XXV. [1] L'ire du Ciel a ainsi éclaté plusieurs
fois contre ceux qui avaient manqué de foi et
d'humanité vers les malheureux. Combien d'exemples en
pourrais-je rapporter ! On sait l'oracle que Jupiter de Dodone
rendit aux Athéniens du temps d'Aphidas ; par cet oracle
ils étaient avertis de respecter toujours l'asile de
l'aréopage et l'autel des Euménides ; qu'un jour
les Lacédémoniens vaincus s'y
réfugieraient, et qu'ils se donnassent bien de garde de
les maltraiter, parce que tout suppliant est sacré.

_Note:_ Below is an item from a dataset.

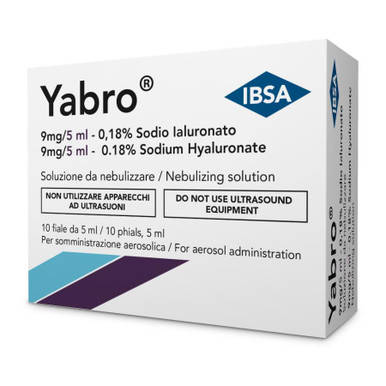 Ibsa - Yabro Spray-Solu 9 mg/5 Ml 0.18% Confezione 10 Flaconcini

[2] Les Grecs se souvinrent de cet avis, lorsque sous le
règne de Codrus fils de Mélanthus le
Péloponnèse conjura contre Athènes. Car
l'armée des Péloponnésiens ayant appris la
mort de Codrus et la manière dont il s'était
dévoué pour sa patrie, ne songea qu'à se
retirer à cause de l'oracle de Delphes qui ne lui
permettait plus d'espérer la victoire ; mais quelques
Lacédémoniens qui étaient
déjà entrés dans la ville se voyant
abandonnés des leurs, furent très
embarrassés ; tout ce qu'ils purent faire fut de se
cacher à la faveur des ténèbres de la nuit
; et le jour venu, pour éviter de tomber entre les mains
des Athéniens ils se sauvèrent dans
l'aréopage aux pieds de ces déesses que l'on
appelle Sévères.
[3] Là ils furent respectés, et ils s'en
retournèrent sains et saufs en leur pays. Quelques
années ensuite les magistrats d'Athènes ayant
massacré Cylon et ses complices dans le temple même
de Minerve, attirèrent la colère de la
Déesse sur eux et sur toute leur postérité.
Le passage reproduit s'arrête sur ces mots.